Drawing is often thought of as an activity available only to a particular group 'talented' people. Yet drawing is an accessible medium that can be beneficial for pretty much everyone.
John Ruskin believed that drawing from Nature allowed us a connection that made us better people. The UK based Campaign for Drawing promotes 'drawing to learn rather than learning to draw' thanks to Ruskin's ideas. This philosophy helps the tentative drawer move past the idea of drawing as a holy activity only accessible to the minority. And drawing from Nature allows us a more contemplative approach to the world... a kind of meditation.
The very general skill of observational drawing is available to anyone who can see and respond with mark making. How much that skill is honed depends on the objectives (and the tenacity) of the individual.
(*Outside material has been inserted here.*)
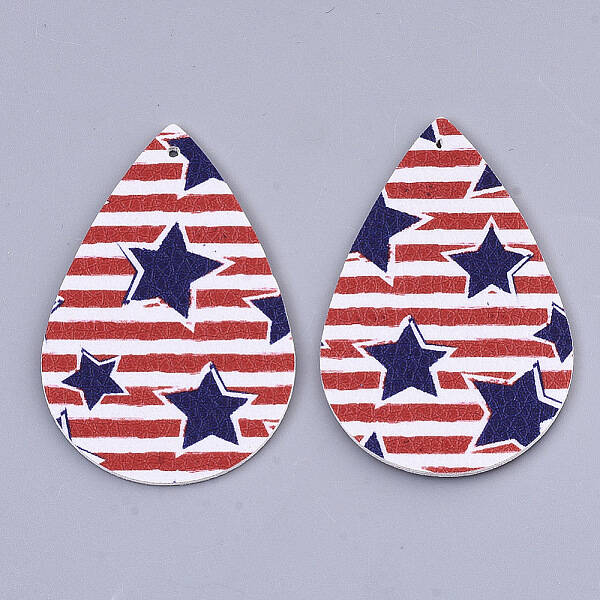 Independence Day Theme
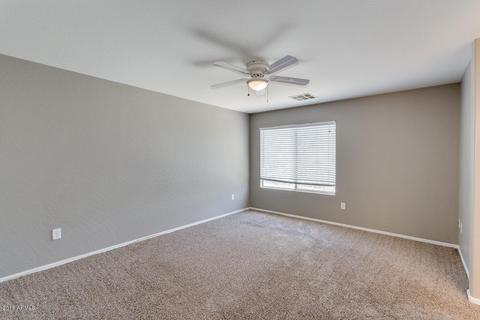 10611 E Portobello Ave, Mesa, AZ 85212 photo 13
Practice, as in any discipline will make all the difference - so draw, and draw regularly.
One way to start is by finding contour lines that follow the shape of an object. Catch something with a line. Then move onto finding the major lines that run through an object - consider what the subject is doing, not only how it appears. And look, look and look some more. Careful rendering of tone will give your drawing the illusion of volume...
There are many approaches to observational drawing, yet the main ingredient is always the observation which allows us to see in a way that goes beyond everyday perception. And that is where you will find the joy.